Inherited memories of the Spanish Main? Such a notion had not occurred to Richard Cary. Fantastic enough, but his quickened imagination laid hold of it.
“There must have been a Cary in one of the expeditions against Cartagena, don’t you think, Mac?”
“My word, yes. You can bet your last dollar on that. Those stout Devon lads were all over the shop, wherever there was a chance to singe the beard of the king of Spain.”
“Then wouldn’t that account for the queer feeling that I have been in these waters before? Why, the idea of sailing for Cartagena made me tingle right down to my heels when I first heard of it.”
“Here, you can’t coax me into discussing anything like that, you fine big brute,” protested McClement. “It won’t do at all. Do you think you are a blooming reincarnation? Better come to my room and have a drink and forget it.”
“Then how do you explain it?” was the stubborn question. “On the level, I am getting worried about myself.”
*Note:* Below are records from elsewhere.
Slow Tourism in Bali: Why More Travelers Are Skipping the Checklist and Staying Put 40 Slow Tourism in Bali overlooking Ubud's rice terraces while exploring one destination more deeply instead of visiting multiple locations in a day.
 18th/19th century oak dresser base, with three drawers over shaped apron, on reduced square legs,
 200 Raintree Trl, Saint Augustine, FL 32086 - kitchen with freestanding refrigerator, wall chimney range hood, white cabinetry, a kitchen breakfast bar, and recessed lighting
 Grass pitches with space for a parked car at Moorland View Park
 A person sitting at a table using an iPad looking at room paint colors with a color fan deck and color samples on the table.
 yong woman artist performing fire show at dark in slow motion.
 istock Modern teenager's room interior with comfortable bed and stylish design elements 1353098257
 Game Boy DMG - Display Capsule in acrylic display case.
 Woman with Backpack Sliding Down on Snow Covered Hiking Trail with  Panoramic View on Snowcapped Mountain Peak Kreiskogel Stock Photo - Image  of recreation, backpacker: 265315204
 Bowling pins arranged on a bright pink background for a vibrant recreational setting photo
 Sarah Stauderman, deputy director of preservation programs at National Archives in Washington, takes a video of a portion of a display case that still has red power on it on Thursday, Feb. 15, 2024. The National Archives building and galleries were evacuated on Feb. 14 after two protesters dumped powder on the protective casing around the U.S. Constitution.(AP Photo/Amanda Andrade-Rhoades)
“No occasion for it, Dick. You are a coincidence, in a way, and a vastly interesting one. What ails you, however, is the spirit of romance and adventure. You didn’t know you had it in you. Youth often finds it in a first voyage to the tropics. I was that way myself. And the Spanish Main has a beguiling magic of its own. Most of these wild tales were fresh to you. Unconsciously you identified yourself with them because you knew you were bred from that same strain of Elizabethan seamen.”
“Have it your own way,” rather sulkily agreed Richard Cary, “but there is more to this than you can figure out, as wise as you are.”
McClement had implanted a suggestion which oddly lingered in Cary’s thoughts and colored them with strange conjectures. Who or what was the real Richard Cary? The brawny rover of Devon who had diced with the devil and the deep sea, or the prosaic son of New Hampshire farming folk who had viewed seafaring as a means of earning his bread?
“Two Richard Carys,” reflected this second officer of the Tarragona. “All my life I may have been a mixture of both and didn’t know it. When I got sore at something and cleared for action, like wading into that bunch of fo’castle outlaws on the last Western Ocean voyage, I must have been the big Dick Cary of Devon that found his fun in walloping the Spaniards.”